Records to process
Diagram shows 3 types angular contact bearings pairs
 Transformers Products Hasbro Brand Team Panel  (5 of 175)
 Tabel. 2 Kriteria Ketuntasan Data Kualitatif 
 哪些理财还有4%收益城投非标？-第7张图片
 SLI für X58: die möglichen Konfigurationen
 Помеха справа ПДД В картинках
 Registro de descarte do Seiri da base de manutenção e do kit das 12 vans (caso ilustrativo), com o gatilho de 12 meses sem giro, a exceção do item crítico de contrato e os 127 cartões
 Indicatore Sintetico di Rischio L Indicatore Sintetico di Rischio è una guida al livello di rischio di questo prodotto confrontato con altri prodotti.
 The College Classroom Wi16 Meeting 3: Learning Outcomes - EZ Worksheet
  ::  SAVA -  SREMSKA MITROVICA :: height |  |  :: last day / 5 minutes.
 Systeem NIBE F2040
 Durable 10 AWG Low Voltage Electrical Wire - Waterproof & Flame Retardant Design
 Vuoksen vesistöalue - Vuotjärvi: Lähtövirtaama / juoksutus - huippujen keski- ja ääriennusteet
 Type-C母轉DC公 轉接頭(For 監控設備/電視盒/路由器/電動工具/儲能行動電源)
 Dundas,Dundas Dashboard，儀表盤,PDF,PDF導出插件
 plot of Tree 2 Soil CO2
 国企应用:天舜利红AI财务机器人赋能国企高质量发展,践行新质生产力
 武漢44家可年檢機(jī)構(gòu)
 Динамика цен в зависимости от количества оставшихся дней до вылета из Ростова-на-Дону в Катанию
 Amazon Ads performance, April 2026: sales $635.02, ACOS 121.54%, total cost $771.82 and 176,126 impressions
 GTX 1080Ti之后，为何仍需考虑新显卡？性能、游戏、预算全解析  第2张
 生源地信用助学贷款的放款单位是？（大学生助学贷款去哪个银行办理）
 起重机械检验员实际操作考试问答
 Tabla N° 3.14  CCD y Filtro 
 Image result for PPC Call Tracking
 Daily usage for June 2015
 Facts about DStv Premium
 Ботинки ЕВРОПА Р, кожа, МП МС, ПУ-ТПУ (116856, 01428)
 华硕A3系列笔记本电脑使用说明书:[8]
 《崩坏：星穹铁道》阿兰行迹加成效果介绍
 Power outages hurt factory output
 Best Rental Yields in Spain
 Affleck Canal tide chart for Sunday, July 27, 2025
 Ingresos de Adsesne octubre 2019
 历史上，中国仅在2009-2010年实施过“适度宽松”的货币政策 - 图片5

Aim of the task
Restate word for word the entries above, starting at the line with "Amazon Ads performance, April" and ending at the line with "Facts about DStv Premium", inclusive, and no others.

Task output
 Amazon Ads performance, April 2026: sales $635.02, ACOS 121.54%, total cost $771.82 and 176,126 impressions
 GTX 1080Ti之后，为何仍需考虑新显卡？性能、游戏、预算全解析  第2张
 生源地信用助学贷款的放款单位是？（大学生助学贷款去哪个银行办理）
 起重机械检验员实际操作考试问答
 Tabla N° 3.14  CCD y Filtro 
 Image result for PPC Call Tracking
 Daily usage for June 2015
 Facts about DStv Premium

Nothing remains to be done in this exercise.